If the above is all correct, it seems this guy is trying to bend you over. Have you looked around for the best prices? Chances are you just ran across an unscrupulous dealer. I can't imagine such a large difference in price between us. Then again, I haven't been doing this all that long. I just reread your post, and you mentioned trimming fingers off your motherboard. Can you post a pic of these?


----------



## nickvc (Oct 19, 2011)

Chris there are some bigger players around in the UK who I'm sure would pay more than that but you would have to have volumes to get them to collect I think. If you only have a small amount keep saving until you have a reasonable volume and then borrow a van or large estate car and take a trip to the mainland and deliver your boards in person. Try googling e scrap buyers and see what turns up, I'm sure some of the bigger boys will be on there and then you can make a few phone calls and get a decent price, you never know perhaps you can buy the boards off the scrappy who made the offer to you and make a profit 8)


----------



## kuma (Oct 19, 2011)

Morining guy's , how are tricks today ?
Hope all is well!  



Acid_Bath76 said:


> I need to check the exchange rate, but 4.10-4.50 USD/lb seems to be around the market value over here for Motherboards. .636USD=1GBP. 1Kg=2.2lbs
> 
> 2.2lbs x 4.10 = $9.02 = 5.74GBP.



That's pretty much what I figured , I checked out Boardsort's page then did the same math , I'm sure they're trying to play me on this one. 
Turns out that when they were giving me 90 pence on the kilo for dirty copper (cables and such) others in the u.k. were getting way more. He actualy asked me enthusiasticly yesterday if I could get anymore cable , I'm thinking that they have people in every day with the stuff , so why be so keen for me to bring in more , especialy if it's just a few kg's here and there ? I reckon it's because they're making more than just the odd buck off of me , lol's.
Conversely , I took down to them , picked to the point of utter destruction, 8.5 kg of motherboards and 5.5kg of mixed daughter boards yesterday , and they still gave me £18.60.
They paid me £1.70 per kg motherboards and £1.00 per kg daughterboards.
Either way , those boards were destined for the recycling skip at the dump so quids in on my cr*p , lol's :lol: 
I still have around 100 or so of the un picked motherboards to pull , I'll go through these too before they get their hands on them for £1.70 a kg.
I'll sort out a picture of one of these with the fingers in a mo , :-0)
There is what could be construed as a warning in big letters on their door. Somebody has used a can of spray to change the business name from 'Hunt Brothers' to , well , you can figure that one out! :lol:
Theres only one other scrappy over here (well two , but one is government run and only takes steel which they don't pay for , nowhere else to take it), so I'll get in touch with them to see what the score is. 



nickvc said:


> If you only have a small amount keep saving until you have a reasonable volume and then borrow a van or large estate car and take a trip to the mainland and deliver your boards in person.
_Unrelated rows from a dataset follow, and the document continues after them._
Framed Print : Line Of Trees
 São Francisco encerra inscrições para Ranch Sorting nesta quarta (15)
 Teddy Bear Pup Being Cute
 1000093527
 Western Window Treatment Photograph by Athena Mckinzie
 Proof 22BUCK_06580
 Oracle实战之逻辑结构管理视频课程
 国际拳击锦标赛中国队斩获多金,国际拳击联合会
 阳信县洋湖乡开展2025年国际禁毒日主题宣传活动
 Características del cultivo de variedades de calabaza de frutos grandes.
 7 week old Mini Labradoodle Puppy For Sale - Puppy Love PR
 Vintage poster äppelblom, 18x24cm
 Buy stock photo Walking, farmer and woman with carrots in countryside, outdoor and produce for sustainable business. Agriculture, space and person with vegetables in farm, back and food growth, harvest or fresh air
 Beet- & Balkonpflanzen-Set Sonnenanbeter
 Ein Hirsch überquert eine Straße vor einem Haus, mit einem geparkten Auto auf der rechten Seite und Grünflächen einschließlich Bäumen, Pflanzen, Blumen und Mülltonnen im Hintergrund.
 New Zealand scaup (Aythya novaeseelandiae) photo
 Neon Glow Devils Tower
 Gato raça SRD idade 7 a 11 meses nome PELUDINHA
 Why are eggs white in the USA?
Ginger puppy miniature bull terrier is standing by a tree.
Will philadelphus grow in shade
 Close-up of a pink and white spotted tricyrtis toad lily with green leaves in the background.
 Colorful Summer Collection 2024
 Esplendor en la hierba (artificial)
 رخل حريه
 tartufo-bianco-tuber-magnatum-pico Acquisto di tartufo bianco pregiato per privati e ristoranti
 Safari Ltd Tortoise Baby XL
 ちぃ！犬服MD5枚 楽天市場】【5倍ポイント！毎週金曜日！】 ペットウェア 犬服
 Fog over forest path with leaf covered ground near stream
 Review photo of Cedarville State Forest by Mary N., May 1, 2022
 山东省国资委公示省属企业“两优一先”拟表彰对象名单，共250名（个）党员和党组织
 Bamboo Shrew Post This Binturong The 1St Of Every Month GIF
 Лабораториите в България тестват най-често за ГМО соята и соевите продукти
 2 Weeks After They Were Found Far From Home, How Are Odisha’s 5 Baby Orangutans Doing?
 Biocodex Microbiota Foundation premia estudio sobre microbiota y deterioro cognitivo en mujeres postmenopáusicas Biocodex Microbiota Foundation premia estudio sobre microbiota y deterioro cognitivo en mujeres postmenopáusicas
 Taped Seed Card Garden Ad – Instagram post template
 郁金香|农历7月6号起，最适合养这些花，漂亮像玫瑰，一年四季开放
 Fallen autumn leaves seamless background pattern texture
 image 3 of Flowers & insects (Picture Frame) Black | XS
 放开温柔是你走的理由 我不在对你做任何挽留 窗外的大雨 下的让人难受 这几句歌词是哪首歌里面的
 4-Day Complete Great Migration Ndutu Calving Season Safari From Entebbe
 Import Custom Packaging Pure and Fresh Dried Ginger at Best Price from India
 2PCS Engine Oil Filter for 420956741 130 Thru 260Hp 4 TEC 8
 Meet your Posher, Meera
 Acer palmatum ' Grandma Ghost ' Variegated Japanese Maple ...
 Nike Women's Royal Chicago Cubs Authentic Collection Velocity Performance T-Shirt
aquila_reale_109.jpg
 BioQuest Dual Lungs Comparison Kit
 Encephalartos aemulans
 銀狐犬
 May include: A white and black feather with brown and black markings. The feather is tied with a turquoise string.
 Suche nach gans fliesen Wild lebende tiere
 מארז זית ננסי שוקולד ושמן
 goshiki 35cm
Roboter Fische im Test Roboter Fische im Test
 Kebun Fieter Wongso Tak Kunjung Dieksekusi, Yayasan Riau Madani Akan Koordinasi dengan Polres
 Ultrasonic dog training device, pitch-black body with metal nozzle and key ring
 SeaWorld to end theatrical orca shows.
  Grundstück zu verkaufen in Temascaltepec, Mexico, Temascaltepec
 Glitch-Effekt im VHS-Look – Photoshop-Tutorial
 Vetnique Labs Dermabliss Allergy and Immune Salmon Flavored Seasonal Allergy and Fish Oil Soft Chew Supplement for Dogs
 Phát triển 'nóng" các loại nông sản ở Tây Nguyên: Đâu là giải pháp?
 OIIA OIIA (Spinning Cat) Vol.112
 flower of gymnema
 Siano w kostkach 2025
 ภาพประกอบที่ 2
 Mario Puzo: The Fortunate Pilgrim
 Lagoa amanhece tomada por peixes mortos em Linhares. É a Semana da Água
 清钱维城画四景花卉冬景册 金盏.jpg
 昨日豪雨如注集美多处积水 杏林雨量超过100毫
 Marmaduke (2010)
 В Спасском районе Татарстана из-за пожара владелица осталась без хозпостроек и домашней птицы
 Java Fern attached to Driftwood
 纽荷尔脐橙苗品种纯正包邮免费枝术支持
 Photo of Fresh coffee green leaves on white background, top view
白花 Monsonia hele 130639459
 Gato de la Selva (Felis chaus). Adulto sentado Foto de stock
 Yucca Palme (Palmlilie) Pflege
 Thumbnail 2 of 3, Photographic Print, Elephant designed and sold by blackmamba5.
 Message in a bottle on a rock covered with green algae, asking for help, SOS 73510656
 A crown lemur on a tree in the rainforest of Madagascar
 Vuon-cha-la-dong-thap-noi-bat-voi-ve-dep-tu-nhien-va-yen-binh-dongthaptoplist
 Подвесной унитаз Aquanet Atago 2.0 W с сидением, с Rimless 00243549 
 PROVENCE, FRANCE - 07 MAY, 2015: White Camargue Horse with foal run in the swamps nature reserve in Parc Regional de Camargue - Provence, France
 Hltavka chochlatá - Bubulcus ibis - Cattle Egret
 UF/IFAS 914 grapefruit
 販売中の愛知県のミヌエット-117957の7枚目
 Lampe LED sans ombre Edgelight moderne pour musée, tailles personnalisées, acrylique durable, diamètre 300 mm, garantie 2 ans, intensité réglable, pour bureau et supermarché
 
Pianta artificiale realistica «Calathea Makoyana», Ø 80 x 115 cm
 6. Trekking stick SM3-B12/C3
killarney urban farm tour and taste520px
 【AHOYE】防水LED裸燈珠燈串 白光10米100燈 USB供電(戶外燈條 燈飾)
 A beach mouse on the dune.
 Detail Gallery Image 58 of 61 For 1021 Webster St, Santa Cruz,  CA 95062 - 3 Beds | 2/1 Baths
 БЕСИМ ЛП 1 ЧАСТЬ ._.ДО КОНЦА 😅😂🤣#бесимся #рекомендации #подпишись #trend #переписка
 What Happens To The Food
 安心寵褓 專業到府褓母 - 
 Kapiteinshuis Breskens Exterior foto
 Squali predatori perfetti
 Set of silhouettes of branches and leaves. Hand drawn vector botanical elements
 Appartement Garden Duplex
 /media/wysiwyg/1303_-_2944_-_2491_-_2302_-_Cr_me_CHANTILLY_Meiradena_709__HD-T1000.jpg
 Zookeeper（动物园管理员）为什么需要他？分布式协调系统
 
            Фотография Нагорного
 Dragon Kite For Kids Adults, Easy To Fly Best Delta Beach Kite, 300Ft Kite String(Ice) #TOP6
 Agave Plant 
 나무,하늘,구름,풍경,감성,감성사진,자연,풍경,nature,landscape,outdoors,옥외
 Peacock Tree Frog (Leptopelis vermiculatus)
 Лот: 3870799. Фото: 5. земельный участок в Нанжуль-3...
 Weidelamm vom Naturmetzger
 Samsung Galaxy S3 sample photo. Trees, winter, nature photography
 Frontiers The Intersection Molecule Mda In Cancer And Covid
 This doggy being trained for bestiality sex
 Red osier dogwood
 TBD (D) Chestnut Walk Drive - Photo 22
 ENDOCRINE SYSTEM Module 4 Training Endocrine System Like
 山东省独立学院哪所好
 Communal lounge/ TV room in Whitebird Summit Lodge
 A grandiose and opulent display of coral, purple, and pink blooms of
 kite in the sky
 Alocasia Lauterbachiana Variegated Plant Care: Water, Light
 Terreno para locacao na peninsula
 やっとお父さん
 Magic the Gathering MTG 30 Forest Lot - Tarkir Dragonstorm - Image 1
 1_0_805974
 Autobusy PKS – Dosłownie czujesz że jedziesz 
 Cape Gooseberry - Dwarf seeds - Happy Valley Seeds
I remember you mentioning that to me a while ago , it's deffinatly an idea that I've toyed with and it would be the perfect excuse to get over there and see my brother!
I already have a van so no worries there! 8) 



nickvc said:


> you never know perhaps you can buy the boards off the scrappy who made the offer to you and make a profit 8)



Now that's the kind of thinking that puts a smile on my face! 8) :lol: 
My friend and neighbour owns a building firm and has a pretty big lockup thats fairly empty most of the time , for a tenner a month or whatever I'm sure he'll let me take a corner to pile this stuff up , 8) 
Well thanks for the response guys , I'll pull one of those motherboards now and get a picture up :-0)
All the best for now and kind regards ,
Chris


----------



## kuma (Oct 19, 2011)

Hi guy's , I'm sorry but I can't upload any pictures , every time I try I'm just redirected to the old ''cannot display the webpage'' chestnut , lol
I'll keep trying!
All the best for now and kind regards ,
Chris


----------



## kuma (Oct 19, 2011)

Hi guy's , just had a thought , I'll use image shack!
(I'm not the quickest cookie on the tray! :lol: )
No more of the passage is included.